Search the material below for the word "Denim". Copy every line that has it.

Start of PROVIDED RECORDS

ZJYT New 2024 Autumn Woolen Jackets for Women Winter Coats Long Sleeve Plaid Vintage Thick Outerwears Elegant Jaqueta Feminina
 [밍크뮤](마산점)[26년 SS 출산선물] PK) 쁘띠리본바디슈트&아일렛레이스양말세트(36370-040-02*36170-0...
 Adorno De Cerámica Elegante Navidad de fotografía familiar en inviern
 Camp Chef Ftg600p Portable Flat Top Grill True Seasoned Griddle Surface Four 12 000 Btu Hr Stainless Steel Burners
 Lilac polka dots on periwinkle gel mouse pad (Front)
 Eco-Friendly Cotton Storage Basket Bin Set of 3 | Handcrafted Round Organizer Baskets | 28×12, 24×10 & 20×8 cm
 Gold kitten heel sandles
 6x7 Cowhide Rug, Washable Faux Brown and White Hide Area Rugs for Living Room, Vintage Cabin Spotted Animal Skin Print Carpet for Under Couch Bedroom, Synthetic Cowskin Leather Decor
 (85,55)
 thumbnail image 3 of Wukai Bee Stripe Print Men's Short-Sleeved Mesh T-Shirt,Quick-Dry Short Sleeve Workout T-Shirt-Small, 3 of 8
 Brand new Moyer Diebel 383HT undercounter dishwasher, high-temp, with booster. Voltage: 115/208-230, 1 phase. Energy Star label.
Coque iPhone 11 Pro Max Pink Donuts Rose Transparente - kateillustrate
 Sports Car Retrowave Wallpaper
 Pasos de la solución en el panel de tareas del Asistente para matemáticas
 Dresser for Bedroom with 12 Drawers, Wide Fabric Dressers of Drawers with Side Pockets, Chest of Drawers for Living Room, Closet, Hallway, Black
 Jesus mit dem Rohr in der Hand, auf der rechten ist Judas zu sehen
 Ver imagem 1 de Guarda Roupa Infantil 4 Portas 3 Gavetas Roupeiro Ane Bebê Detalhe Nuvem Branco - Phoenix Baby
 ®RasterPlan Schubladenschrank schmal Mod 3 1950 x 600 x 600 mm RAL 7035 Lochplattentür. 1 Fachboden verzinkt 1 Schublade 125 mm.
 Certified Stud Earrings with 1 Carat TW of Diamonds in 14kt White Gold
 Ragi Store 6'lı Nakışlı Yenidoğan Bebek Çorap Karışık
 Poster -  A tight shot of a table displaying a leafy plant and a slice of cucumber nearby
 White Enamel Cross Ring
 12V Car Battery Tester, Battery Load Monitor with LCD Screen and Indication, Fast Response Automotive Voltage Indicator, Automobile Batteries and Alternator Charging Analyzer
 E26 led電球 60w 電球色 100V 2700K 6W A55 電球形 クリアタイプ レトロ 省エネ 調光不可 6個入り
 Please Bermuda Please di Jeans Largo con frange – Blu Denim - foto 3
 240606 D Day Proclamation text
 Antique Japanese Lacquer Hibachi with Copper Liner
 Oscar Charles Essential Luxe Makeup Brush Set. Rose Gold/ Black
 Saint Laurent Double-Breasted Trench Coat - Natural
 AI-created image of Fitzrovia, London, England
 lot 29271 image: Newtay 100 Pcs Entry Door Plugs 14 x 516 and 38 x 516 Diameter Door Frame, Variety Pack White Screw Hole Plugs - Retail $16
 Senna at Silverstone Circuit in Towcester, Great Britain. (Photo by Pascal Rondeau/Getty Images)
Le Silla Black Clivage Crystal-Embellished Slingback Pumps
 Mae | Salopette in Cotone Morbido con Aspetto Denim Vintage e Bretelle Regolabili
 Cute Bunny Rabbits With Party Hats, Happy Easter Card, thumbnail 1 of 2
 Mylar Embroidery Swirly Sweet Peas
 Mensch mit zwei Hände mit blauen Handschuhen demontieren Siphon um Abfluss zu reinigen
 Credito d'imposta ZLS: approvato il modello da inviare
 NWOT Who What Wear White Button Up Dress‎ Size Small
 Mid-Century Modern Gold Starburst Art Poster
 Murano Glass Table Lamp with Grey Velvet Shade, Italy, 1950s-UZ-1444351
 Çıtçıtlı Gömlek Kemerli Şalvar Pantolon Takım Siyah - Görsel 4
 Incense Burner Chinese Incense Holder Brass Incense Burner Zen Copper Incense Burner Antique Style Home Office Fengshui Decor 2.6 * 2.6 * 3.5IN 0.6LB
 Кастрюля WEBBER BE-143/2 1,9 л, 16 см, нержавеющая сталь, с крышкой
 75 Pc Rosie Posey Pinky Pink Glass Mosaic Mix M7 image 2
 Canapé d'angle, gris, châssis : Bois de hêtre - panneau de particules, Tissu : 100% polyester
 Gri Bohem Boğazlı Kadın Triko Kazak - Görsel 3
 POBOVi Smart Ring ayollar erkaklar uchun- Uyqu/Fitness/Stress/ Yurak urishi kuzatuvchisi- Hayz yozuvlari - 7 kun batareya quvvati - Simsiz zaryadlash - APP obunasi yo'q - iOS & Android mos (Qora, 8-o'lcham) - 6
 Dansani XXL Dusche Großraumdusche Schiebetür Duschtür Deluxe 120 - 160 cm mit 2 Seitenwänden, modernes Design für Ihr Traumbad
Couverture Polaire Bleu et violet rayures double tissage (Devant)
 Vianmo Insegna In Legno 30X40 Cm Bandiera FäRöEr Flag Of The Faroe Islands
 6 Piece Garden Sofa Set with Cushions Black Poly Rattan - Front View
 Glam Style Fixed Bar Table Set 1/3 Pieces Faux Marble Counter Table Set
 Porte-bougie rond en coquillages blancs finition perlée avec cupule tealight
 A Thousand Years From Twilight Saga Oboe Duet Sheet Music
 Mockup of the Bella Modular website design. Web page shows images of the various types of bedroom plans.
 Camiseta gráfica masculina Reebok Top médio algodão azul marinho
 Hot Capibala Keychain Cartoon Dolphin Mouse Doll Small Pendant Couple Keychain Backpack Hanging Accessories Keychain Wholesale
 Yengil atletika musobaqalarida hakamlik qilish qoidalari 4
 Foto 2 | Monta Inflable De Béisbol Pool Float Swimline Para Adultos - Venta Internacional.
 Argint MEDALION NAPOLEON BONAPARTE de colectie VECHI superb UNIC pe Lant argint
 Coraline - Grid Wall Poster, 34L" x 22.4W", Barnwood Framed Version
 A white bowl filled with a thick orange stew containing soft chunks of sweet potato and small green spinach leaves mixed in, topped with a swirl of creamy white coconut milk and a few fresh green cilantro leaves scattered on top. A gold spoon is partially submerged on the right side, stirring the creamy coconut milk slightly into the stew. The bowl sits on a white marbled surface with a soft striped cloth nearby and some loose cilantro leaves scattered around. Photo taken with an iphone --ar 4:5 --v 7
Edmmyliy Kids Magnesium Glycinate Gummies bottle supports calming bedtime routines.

End of PROVIDED RECORDS

> WRITTEN ANSWER
 Please Bermuda Please di Jeans Largo con frange – Blu Denim - foto 3
 Mae | Salopette in Cotone Morbido con Aspetto Denim Vintage e Bretelle Regolabili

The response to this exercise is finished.